What are the company's capital reduction rules?
Capital reduction refers to the behavior of enterprises to reduce capital in order to make up losses and adjust capital. Enterprises need to hold a shareholders' meeting to reduce their capital.
Special approval. Enterprises reduce capital for several reasons:
(1) Pay off accumulated debts in one lump sum. Due to the accumulation of operating losses for many years, even in the next few years, the profits of enterprises can not be made up. In this case, it is necessary to reduce capital to make up for the accumulated losses.
(2) Adjust excess capital. The company needs huge funds at first, but after it is on the right track, there may be excess funds, so it also needs to reduce capital.
(3) Pay more dividends. Since dividends are distributed according to the profit of capital, reducing capital can increase dividends. At the same time, you can also talk to? Pay off accumulated debts in one lump sum? Combine, eliminate losses and resume dividends as soon as possible.
(4) Company merger. This is usually done when the company's assets are balanced.
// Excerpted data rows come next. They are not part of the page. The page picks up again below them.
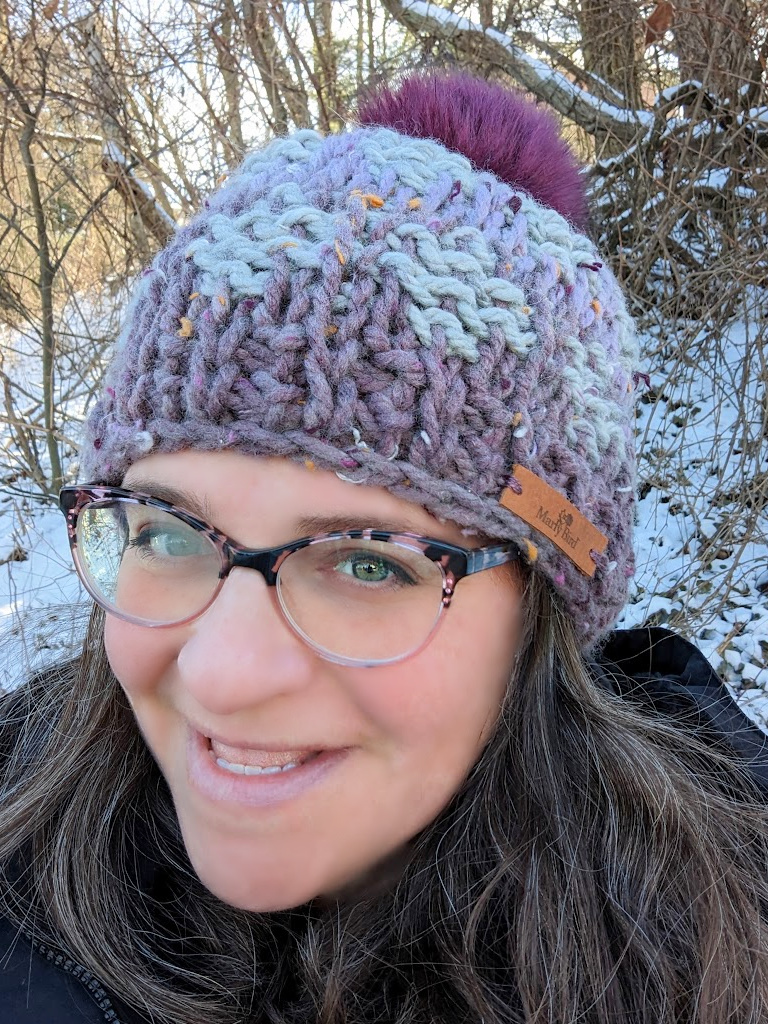 A smiling woman wearing glasses and a free Tunisian crochet hat with a purple pompom, enjoying a snowy backdrop. -Marly Bird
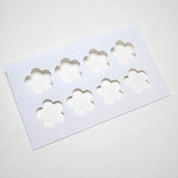 White plastic pastry stencil with eight strawberry flower shaped cutouts.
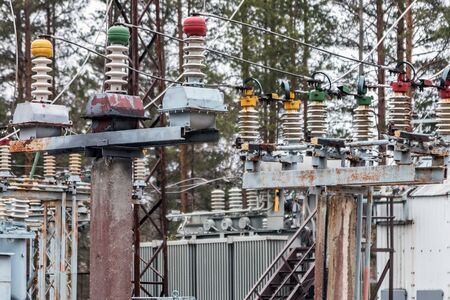 an old power plant with rusty wires, structures, and equipment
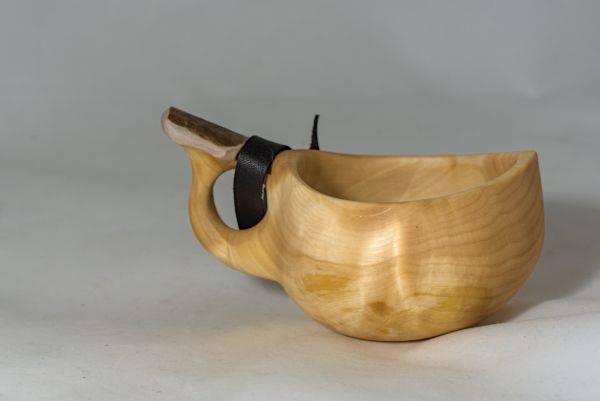 wooden cup with leather strap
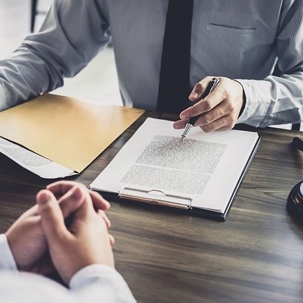 a person discussing a document to someone across him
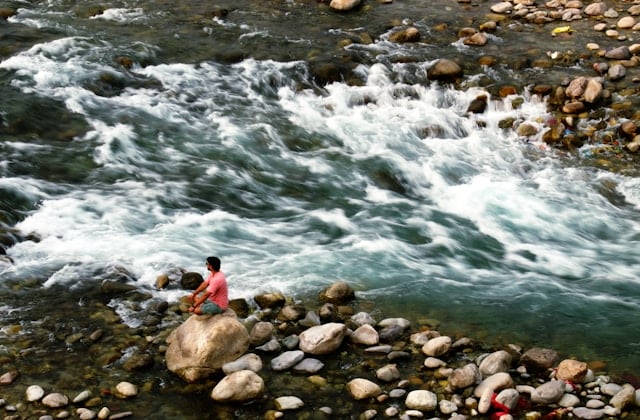 Person sitting quietly on a rock beside a rushing river, gazing at the flowing water, reflecting the stillness and present moment awareness cultivated in mindfulness therapy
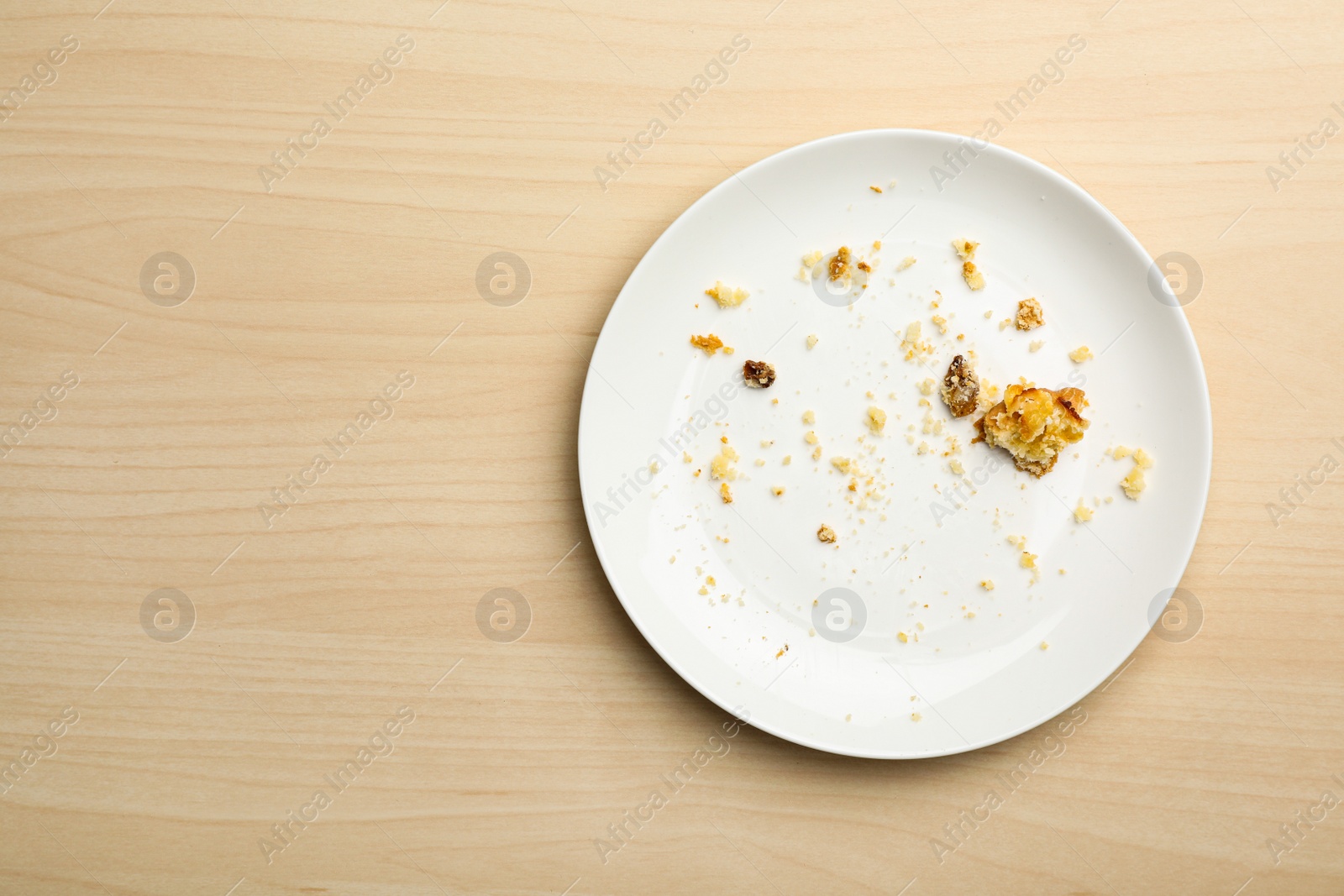 Photo of Dirty plate with food leftovers on wooden background, top view. Space for text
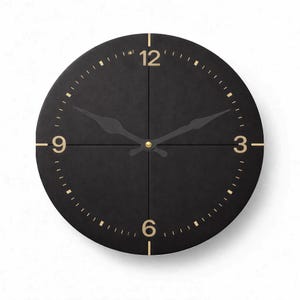 May include: A modern black wall clock with gold-colored numerals and hands. The clock face is divided into four sections. The clock hands are black and the clock has a gold-colored center.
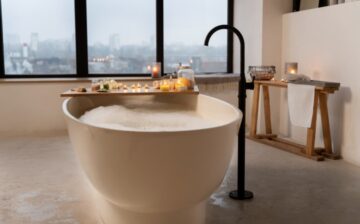 bathroom with candles bathtub filled with water
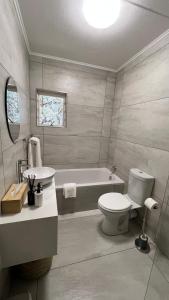 a bathroom with a tub and a toilet and a sink at Tanelsa Apartment on West in Johannesburg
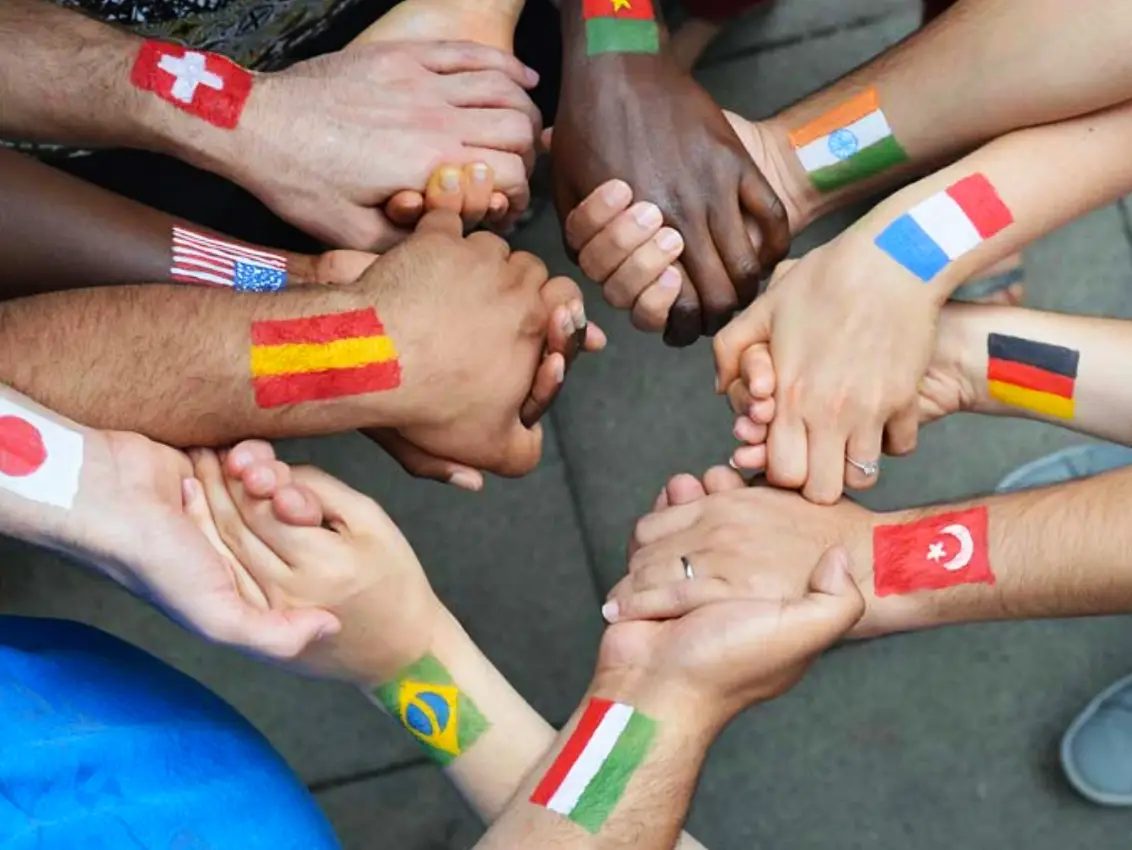 hands joined with different country flags painted on the wrist to signify unity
(5) separation part. When some departments in the company are separated and independent, assets are also separated, which is also a kind of capital reduction for enterprises. There are two types of capital reduction: formal capital reduction and substantial capital reduction. The formal capital reduction means that the capital is reduced only in the account book, and the company's property is not reduced. For example, the company repurchases a certain proportion of tradable shares, reduces the denomination, and returns a sum of money to shareholders. Capital reduction that needs to make up for losses due to poor operating conditions is a substantial capital reduction, and most of the capital reductions belong to this situation.
The increase or decrease of company capital is the normal state in the process of company capital operation. Capital reduction and capital increase correspond to the contraction and expansion of the company, both of which are unavoidable business realities of the company. Compared with the company's capital increase, the conflict of interests among controlling shareholders, minority shareholders and external creditors caused by capital reduction is more intense. According to the Anglo-American Company Law and the principle of corporate finance, capital reduction is regarded as? Enterprise reorganization or fundamental structural change? The sub-problem under the project, the capital reduction rule comes down to the sub-rule under the principle of company capital maintenance. The company's capital reduction is a commercial demand; Creditors face capital reduction, causing security concerns; Shareholders try to reduce their own capital in order to withdraw or realize their capital; Legislators are faced with the problem of how to weigh the interests of company participants when designing capital reduction rules.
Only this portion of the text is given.